These are the basic principles for all engineering. Kind of works for everything really.


1. Make requirements less dumb

Requirements are always dumb, especially if they’re written by an extremely smart, technical person. In these cases they’re often not interrogated enough and accepted verbatim. But really, if you can’t explain the requirements to a five-year-old, they’re not sharp enough.

All requirements and constraints must be linked to a person who takes accountability for them, not just a pie-in-the-sky figure. You must always be able to track down the author, who can defend it or change it as needed.

This applies to developing a fibre-optic sensor as much as it does to your daily life. Instead of saying I want to be 10% body fat by doing X/Y/Z (too prescriptive), just say “I want to be less fat, and here’s the systems I will employ to do it.” Flexibility and agility are key to good requirements.

2. Delete parts/process

Strip everything back to the bare basics. Delete everything that’s not absolutely essential. You should find yourself occasionally adding things back in, and if you’re not, you haven’t deleted enough in the first place.

When doing something difficult, you need to run tight margins of profitability and error. Failure to do so reduces your chance of achieving your goals. You can’t be hedging your bets against yourself.

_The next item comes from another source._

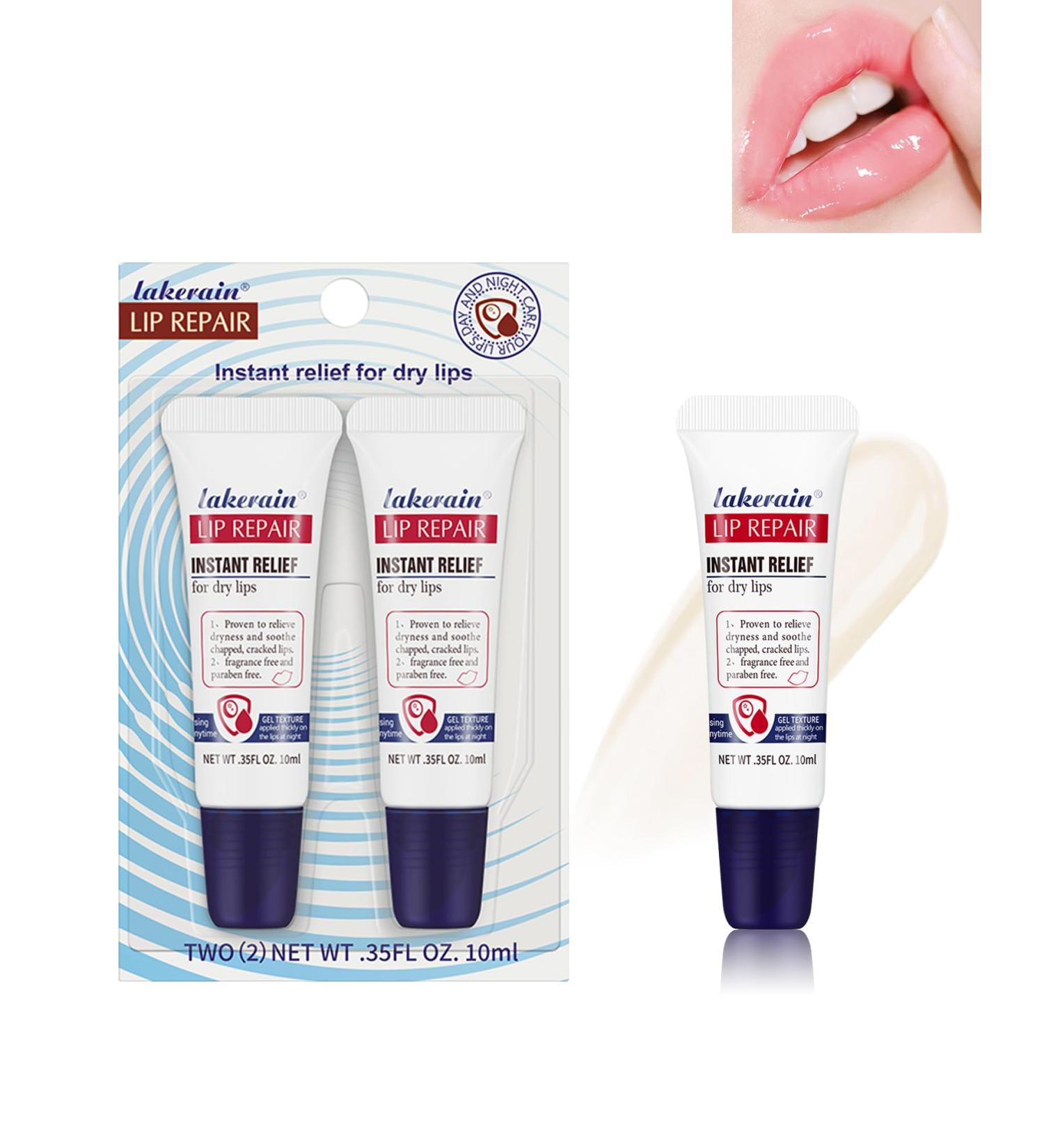  LYSdefeu Lip Repair Gel-2 Moisturizing Lip Balm Fragrance Free for Day and Night Lip Care Moisturizing Balm Kit for Dry and Chapped Lip Repair 10ml x 2 Pcs - Buy Online on GoSupps.com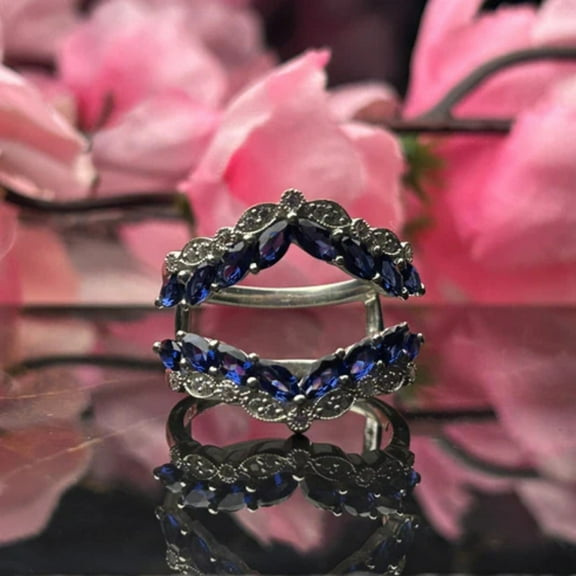 Art Deco White Diamond & Blue Sapphire Ring Guard in 925 Sterling Silver Wedding Ring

There’s a strong human bias towards “let’s add this just in case we need it”, but these “just in case” arguments are ubiquitous. Kill that. Burn it with fire.

Launching a rocket to Mars? Figure out exactly what’s needed fuel wise for payload-to-Martian-orbit and only account for that. Need more fuel to get there? Then figure out how to refuel in Earth orbit before accelerating to Mars.

Trying to adjust your diet? Figure out your calorie/macro limit to achieve your goal, track everything that goes into your body, and eliminate anything over that - or add back in if not hitting the goal.

See the similarity?

3. Simplify, optimise, or eliminate (again)

Follows on and ties into Principle 2.

Always be asking “is this necessary to achieve the goal?” Make everything as simple to follow as possible, so that the aforementioned five-year-old can figure it out. If it’s too complicated, it will break - without fail.

Like above, ideally we would always be asking “should this thing even exist?” There is no greater waste of resources than trying to optimise something that belongs in the trash. It’s going in the bin anyway, just speed it up and put it there (see rule 4).

Consider your work - do you really need to be juggling 20 balls at the one time, or are you just doing a crap job at all of them? Rule 3 has been violated. Eliminate the banal tasks, prioritise the important ones, simplify the workflow.

Consider all your relationships - are you attempting to optimise (ie; expending time, energy) for a friendship that no longer serves you? Rule 3 has been violated. Eliminate.

Simplify, optimise, or eliminate everything. Be ruthless with it.